Chi im Käfig (JPEG, 24.2 KB)

Was ist ein Chinchilla?
Chinchilla sind kleine Nager. Sie werden auch fälschlicherweise als 'Hasenmaus' bezeichnet, aber sie gehören weder zu den Hasen noch zu den Mäusen. Ihre Heimat war Südamerika, doch dort sind sie fast vollständig ausgerottet. Chinchilla sehen possierlich aus und haben ein seidenweiches Fell, das diesen Lebewesen auf den Leib geschneidert und zu schade für einen Mantel ist. Sie besitzen längere Hinterläufe mit denen sie eine rasante Beschleunigung und hohes Tempo erzielen und erstaunliche Sätze und Sprünge vollführen. Ihre kleineren Vorderläufe setzen sie auch als Hand ein. Sie sind neugierig, zutraulich und manchmal sogar folgsam. Chinchilla sind dämmerungsaktiv und sie leben relativ lange.

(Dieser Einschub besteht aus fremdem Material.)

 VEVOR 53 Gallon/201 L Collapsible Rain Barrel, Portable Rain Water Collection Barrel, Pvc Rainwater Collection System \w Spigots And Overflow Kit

Chi beim Kuscheln (JPEG, 26.9 KB)
Was macht sie glücklich?
Chinchilla lieben Streicheleinheiten, Auslauf, Staubbäder und nutzen jede Möglichkeit zum Beknabbern aller möglichen Dinge die ihnen vor die Nase kommen. Deshalb brauchen sie einen großen Käfig und täglichen Auslauf. Anschließend ist ein ausgiebiges Bad in feinstem Steinstaub fällig, um das Fell zu pflegen. Vogelsand und ähnliches ist ungeeignet, weil dadurch das Fell geschädigt wird. Für die Fellpflege gibt es spezielle Kämme. Diese besitzen jedoch äußerst spitze Zähne. Der Umgang damit ist nicht jedermanns Sache. Darf das Tier aber mehrmals täglich Staubbaden, so ist der Kamm nicht unbedingt nötig. Der Käfig ist mit Holzspänen auszustreuen. Das Tier benutzt meistens die gleiche Ecke zum urinieren, diese sollte deshalb besonders dick mit Holzspänen bedeckt und öfters gereinigt werden. Ein ausreichend großes Schlafhäuschen darf ebenfalls nicht fehlen. Der Käfig sollte Sitzbretter in verschiedenen Höhen haben. Chinchilla können nämlich klettern, besser als man es ihnen zutraut. Zur Zahnpflege braucht ein Chinchilla einen Nagestein und Äste, weil die Zähne nachwachsen und abgenutzt werden müssen, sonst werden sie zu lang und das Tier kann nicht mehr fressen. Die Äste müssen harzfrei und trocken sein. Weidenäste sind gut geeignet. Zufriedenheit wird durch leise Quitschlaute oder belustigende Sprünge direkt aus dem Stand geäußert. Durch Nachahmen der Laute kann man das Tier beruhigen und auch locken. Der Kontakt zum Menschen wird durch dezente Kontaktbisse gefestigt. Man sollte sich darauf gefasst machen, denn dabei spürt man die scharfen Zähne sehr deutlich. Das Tier beisst aber nicht zu. Zum Vergleich sollte man beobachten wie leicht das Chinchilla einen Nagestein zerkleinert.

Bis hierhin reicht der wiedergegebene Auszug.